(Exercise): Would you please repeat, word for word, only the lines from the one holding "Uscape North Texas" through the one holding "Contact address line" in the material below, without the pictures?

(Provided entries):
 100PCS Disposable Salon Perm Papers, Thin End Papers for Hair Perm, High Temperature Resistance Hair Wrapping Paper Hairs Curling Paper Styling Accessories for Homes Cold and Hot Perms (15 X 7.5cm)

...

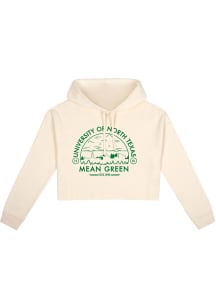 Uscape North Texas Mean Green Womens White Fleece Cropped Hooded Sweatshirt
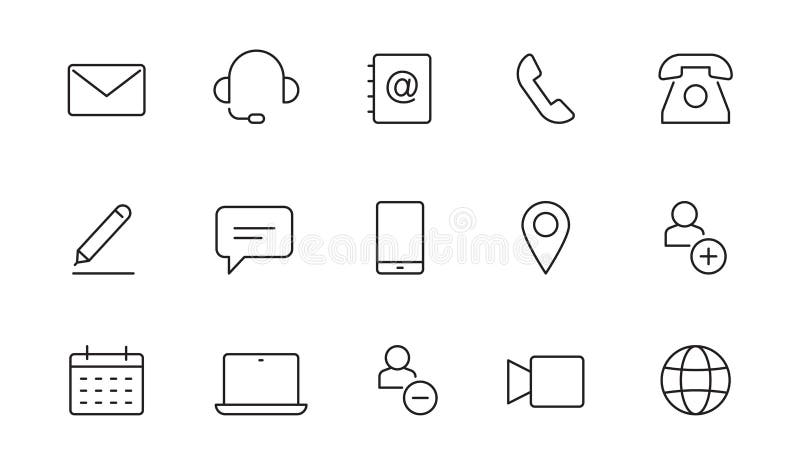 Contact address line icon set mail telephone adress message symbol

--

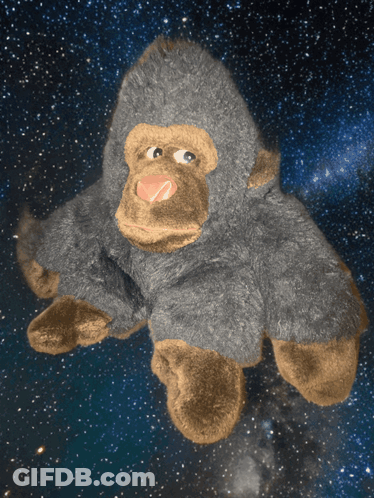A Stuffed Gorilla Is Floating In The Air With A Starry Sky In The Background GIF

(Your solution):
 Uscape North Texas Mean Green Womens White Fleece Cropped Hooded Sweatshirt
 Contact address line icon set mail telephone adress message symbol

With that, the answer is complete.